Rosita la miró un momento, y dijo con aire más serio que de costumbre:

-He notado en ti una cosa rara: cada vez que se habla de Roberto te enfadas y parece que te disgusta todo lo que venga de él. El mismo sentimiento encontré en él, antes de irse, respecto de ti, y cuando estabas en la hacienda... No soy tan tonta; esto prueba que hay una verdadera antipatía entre los dos, o que la simpatía es muy fuerte...

-¡Rosita!

-¡Teresa! -replicó la otra imitando su aire de escándalo-, ¿por qué te abochornas por eso?... Sin embargo, si él no estuviera ausente te diría que la de ese joven es conquista que quiero hacer... y te advertiría seriamente que no te interpusieras entre los dos...

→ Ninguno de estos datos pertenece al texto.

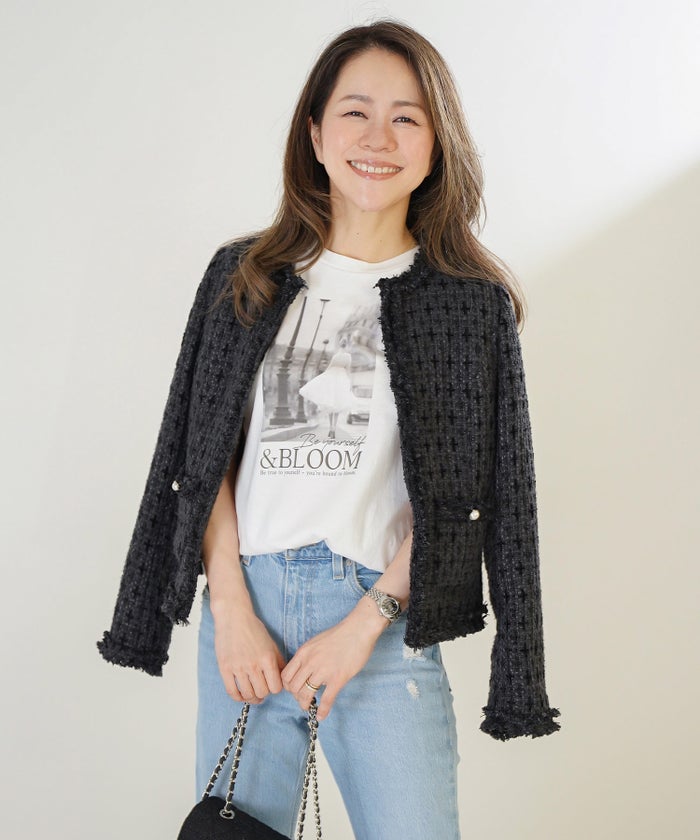 ツイード ジャケット ブラック パール釦 ノーカラー ジョイントスペース フリンジ トリム ツイードライク ジャケット ＆BLOOM（アンドブルーム）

-Ya sabes -interrumpió Teresa- que esa clase de chanzas me son sumamente desagradables... Tu amigo me ha disgustado; me parece pretencioso, lleno de vanidad...

-¡Vaya! ¡qué furia!... Te repito que eso mismo, si Roberto estuviera aquí, me probaría...

-¿Qué? -exclamó Teresa.

-¡Nada, nada...! ¡qué entusiasmo! Te vuelves un jeune tigre, como diría el secretario del ministro francés.

No se volvió a mencionar el nombre de Roberto entre las dos amigas o pseudo amigas; pero Teresa guardó la música, y cuando estaba sola y no temía que la interrumpiesen cantaba las arias enviadas expresamente para ella, sin que Rosita jamás lograse oírlas.

Así se pasó otro año de matrimonio.

Todo en torno suyo parecía sonreírle, y sin embargo su corazón estaba repleto de pesares. Aquellos dolores palpables, penas que se pueden decir, también tienen remedio, se consuelan, se mitigan al exhalarlas; pero cuando, como nuestra heroína, lo que uno sufre es un secreto para todos; cuando lo que siente es un pesar que lleva encubierto en el fondo del alma como un objeto robado: entonces tal sentimiento de dolor incierto, vago, muchas veces sin nombre, echa una sombra duradera sobre el espíritu y el corazón joven y sencillo; no puede, después de haber pasado por este desolador sentimiento, conocer la felicidad, porque un sentimiento así corroe como veneno, y la cicatriz que forma no se borra jamás.